Un colonel néerlandais a été exhumé pour recevoir les honneurs funèbres militaires près de 400 ans après sa mort lors d'une cérémonie inédite mercredi dans une petite ville du nord des Pays-Bas.

Le colonel Schelte van Aysma a perdu la vie en 1637 pendant la guerre de Quatre-Vingts Ans, période de révolte des protestants néerlandais qui luttaient pour leur indépendance de l'occupant espagnol catholique. Mais la dépouille de l'officier a fini aux oubliettes pendant des siècles, enterrée sous une imposante pierre tombale dans le sous-sol de la petite église du village de Schetten, dans la région de la Frise.

"Les restes du colonel Van Aysma seront enterrés aujourd'hui (mercredi) avec les honneurs militaires et replacés dans sa tombe récemment restaurée", a déclaré à l'AFP un porte-parole de l'Armée, le capitaine Joost Ploegmakers. Si les circonstances de la mort du colonel ne sont pas connues, il a été établi qu'il été tué pendant le siège de Breda (sud) en 1637, lorsque la ville fortifiée alors détenue par les Espagnols était assiégée par les troupes loyales aux Pays-Bas.

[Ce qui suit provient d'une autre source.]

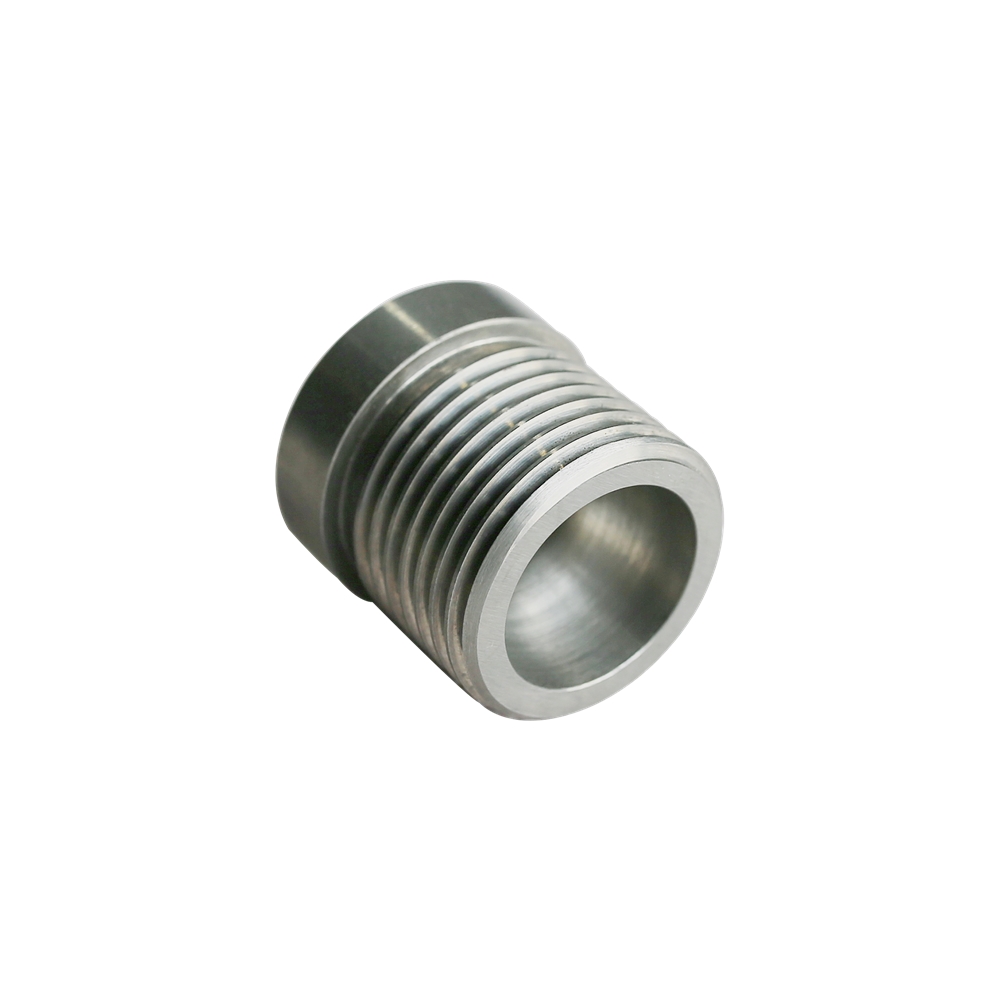 MT Carbide-Nozzle#7 (1)
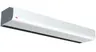 PAF2515W FRICO 155cm 230V kurtyna powietrzna wodna
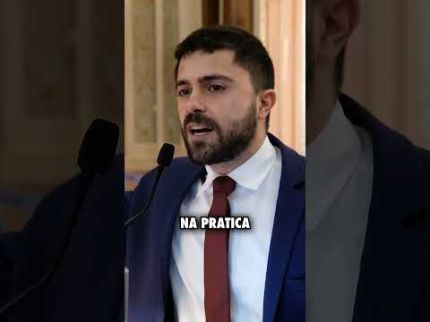 Vereadora do PT não tem vergonha na cara! #política #fyp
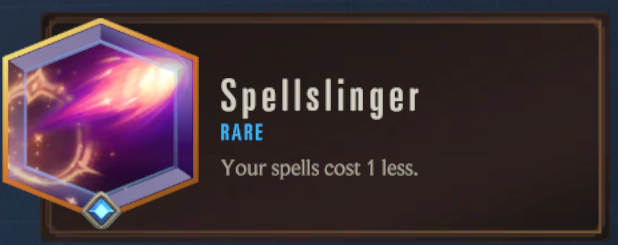 95958a71-image23 Spellslinger (LoR Passive)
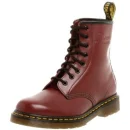 martens brown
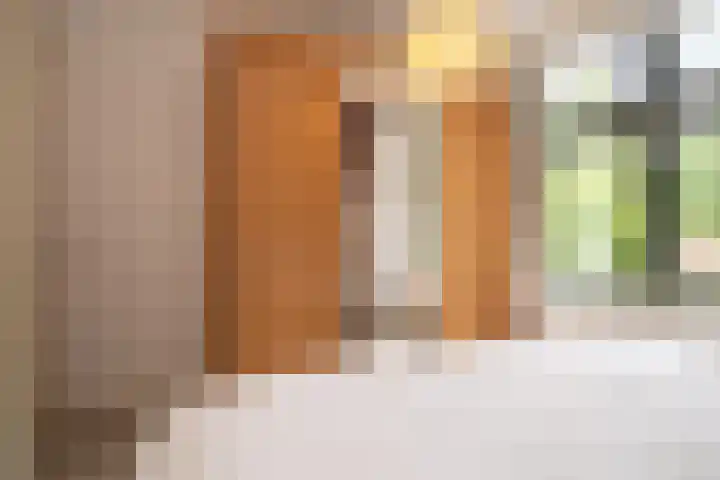 Surinamestraat 32 Enschede thumbnail 14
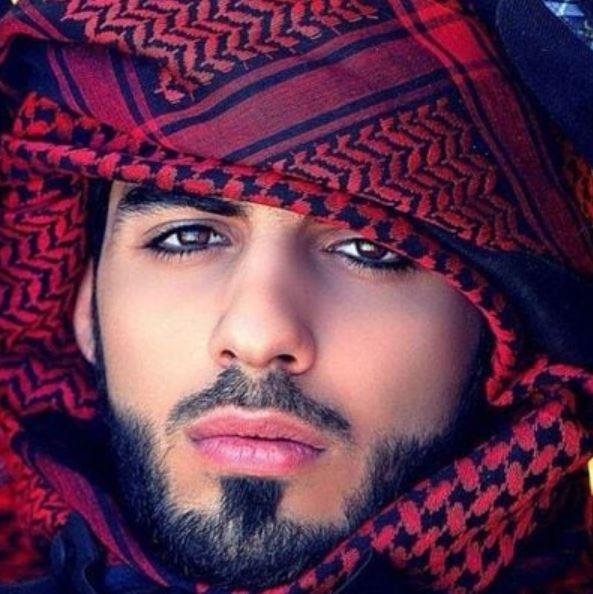  عکس خوشگل ترین بازیگران خارجی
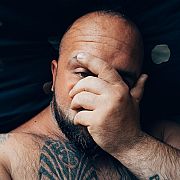 Perun87 - mężczyzna, 38 lat, Łódź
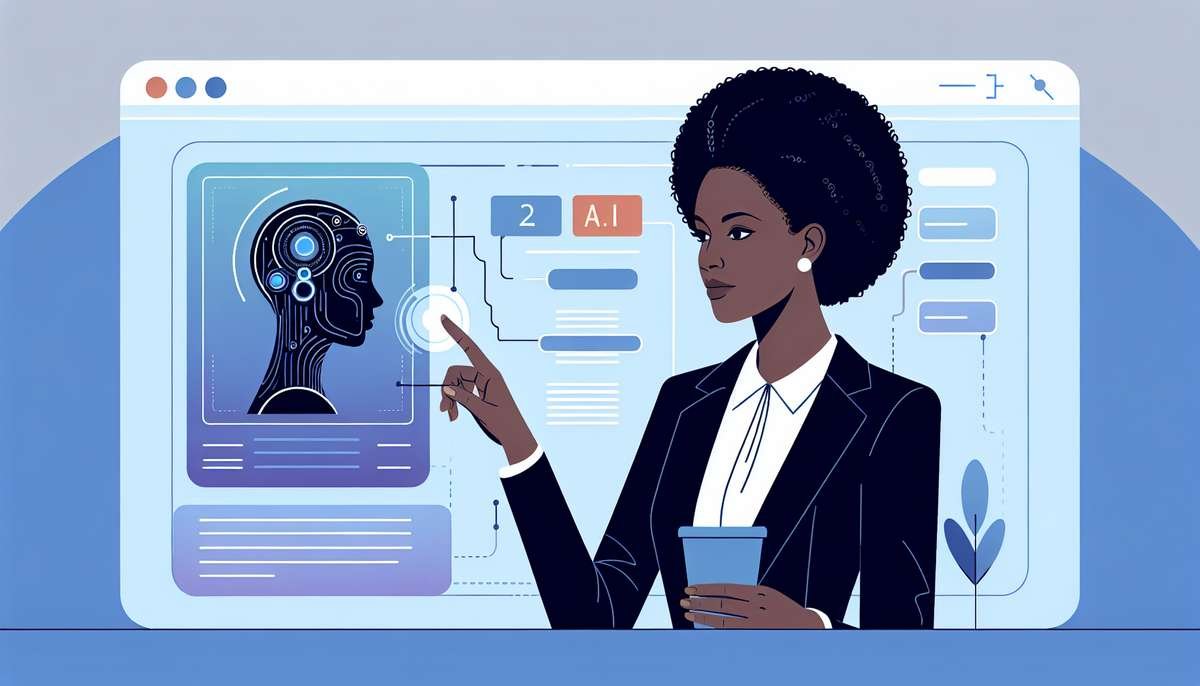 how to use Microsoft Copilot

Après des siècles de recherches, le casque du colonel est découvert dans la petite église de Schetten en 2015. L'historien amateur Andre Buwalda repère ensuite une représentation similaire du casque de Van Aysma sur une des pierres tombales qu'abrite le lieu de culte frison.

La tombe est rapidement ouverte et, malgré un effondrement partiel, suffisamment de restes humains sont découverts par les scientifiques pour effectuer des analyses. "Les tests ADN ont confirmé qu'il s'agissait bien du colonel Van Aysma", a indiqué le porte-parole de l'armée. La dépouille du soldat devait être placée dans un nouveau cercueil et "remise dans sa tombe, récemment restaurée", a déclaré M. Ploegmakers.

Il arrive fréquemment que l'armée néerlandaise rende les honneurs aux dépouilles de soldats tombés lors de la Seconde guerre mondiale, mais "inhumer avec les honneurs un soldat de la guerre de Quatre-Vingts ans (1568-1648), un colonel qui plus est, c'est vraiment unique", souligne M. Ploegmakers.